Si punta alle ciclovie per la mobilità lenta, adatta alle vacanze e alle gite, ma è ancora scarsa la presenza di percorsi ciclabili per gli spostamenti quotidiani

Le Marche puntano sul turismo lento, e la bicicletta è il mezzo ideale per muoversi da un borgo all'altro, per arrivare in spiaggia sui lungomare o per escursioni in mountain bike. Sono circa 250 le ciclabili censite in regione, tra piste stradali, ciclopedonali, ciclostrade e sentieri.

Ma il problema è quando si scelgono le due ruote per gli spostamenti di ogni giorno, in città, in mezzo al traffico.

I dati dell'ultimo rapporto Ecosistema Urbano di Legambiente parlano chiaro: ad Ascoli Piceno non si arriva a 2 chilometri di piste ciclabili; ad Ancona 3 chilometri e mezzo; Macerata poco più di cinque. Spicca Pesaro che conta 83 chilometri di ciclabili.

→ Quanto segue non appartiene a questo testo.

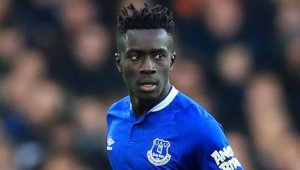 Евертън „върза“ халф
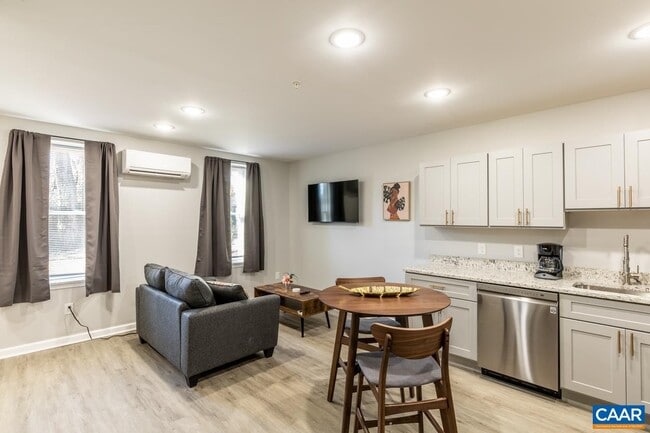 Photo - 1329 Riverdale Dr Unit 4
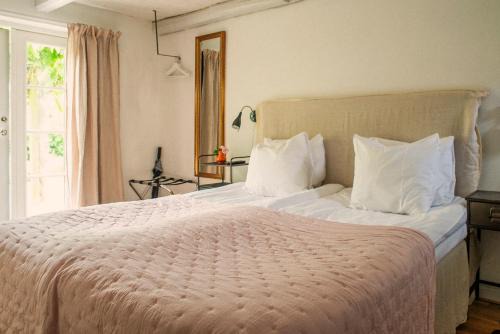 Simrishamn Hotel | Karnelund Krog & Rum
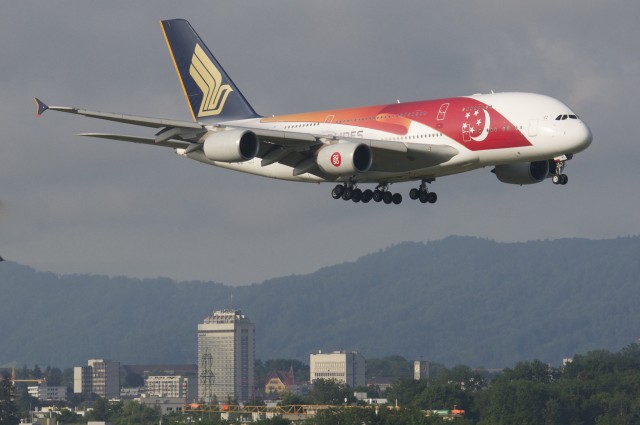 Singapore Airlines Airbus A380-841 (reg: 9V-SKI) landing at Zurich - Photo: Aero Icarus | FlickrCC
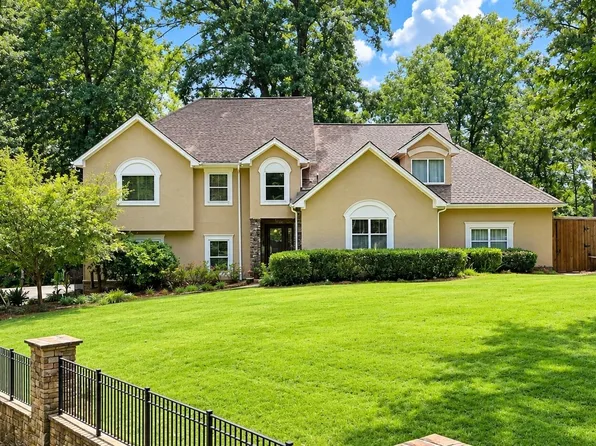 6319 Lakeview Dr, Buford, GA 30518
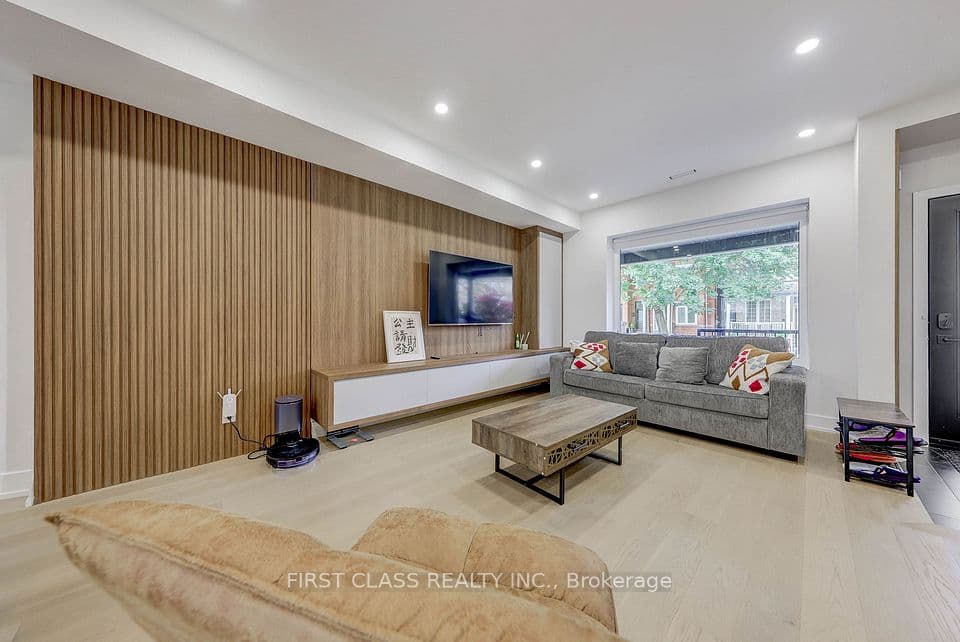 431 Roxton Road, Toronto, ON M6G 3R5 – photo 2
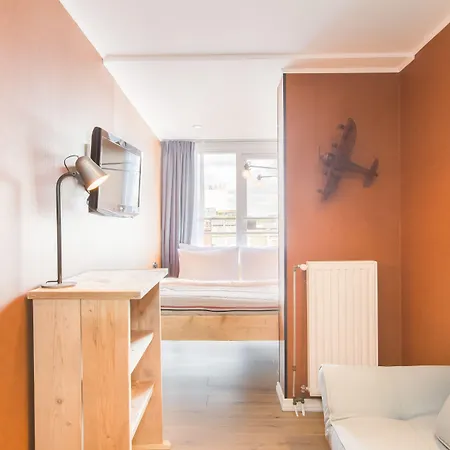 Max Brown Museum Square, Part Of Sircle Collection 3*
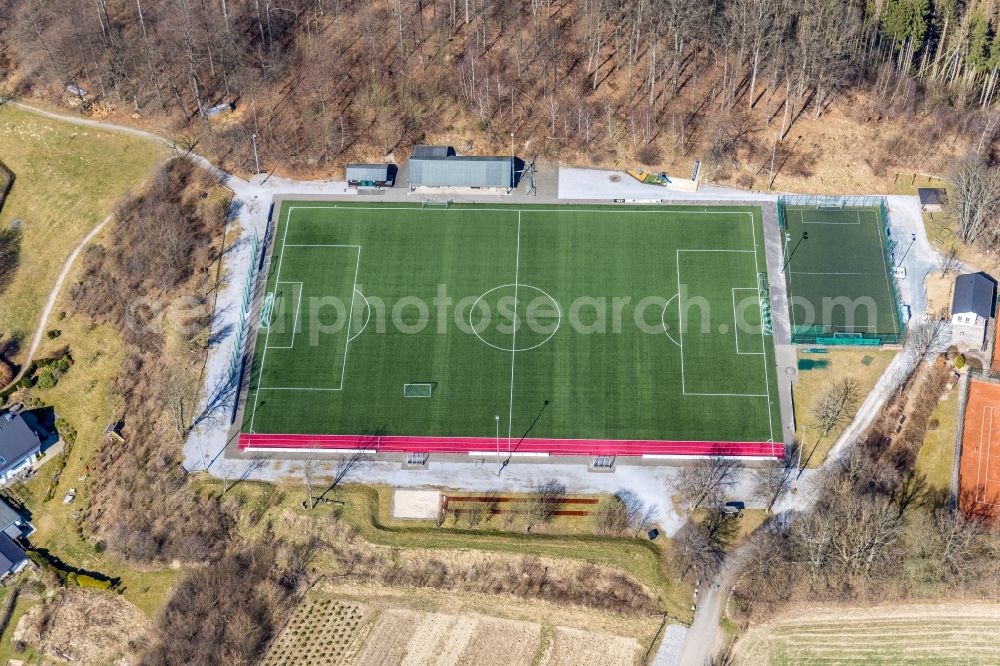 Aerial photograph Ostwig - Ensemble of sports grounds on street Auf dem Schilde in Ostwig at Sauerland in the state North Rhine-Westphalia, Germany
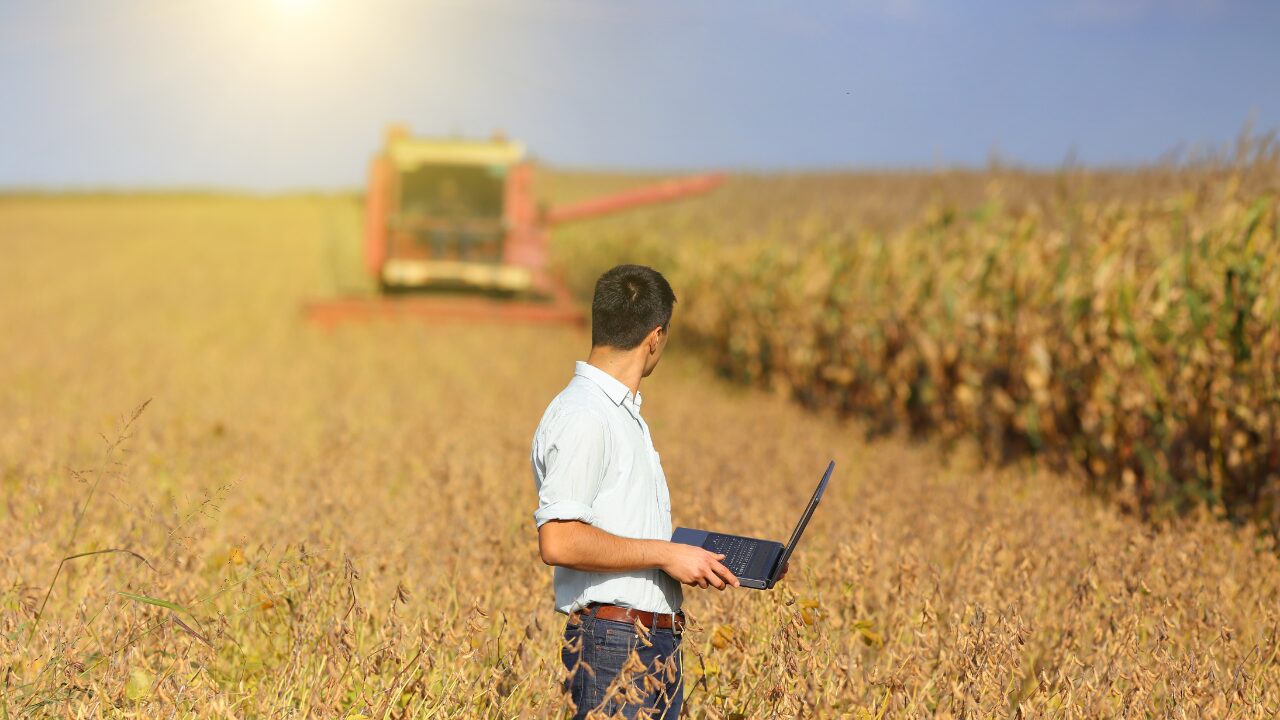 O Futuro do Agronegócio no Brasil: Tecnologia e Sustentabilidade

Legambiente poi sottolinea il tragico dato dell'aumento dei ciclisti tra le vittime della strada: più 15 per cento in un anno, a livello nazionale.

E se la media italiana è di 5,5 morti e feriti in incidenti ogni mille abitanti, soltanto a Macerata se ne contano di meno: circa 5. Ad Ancona le vittime della strada sono più di sei, a Pesaro quasi sette e ad Ascoli quasi otto, tra morti e feriti, ogni mille residenti.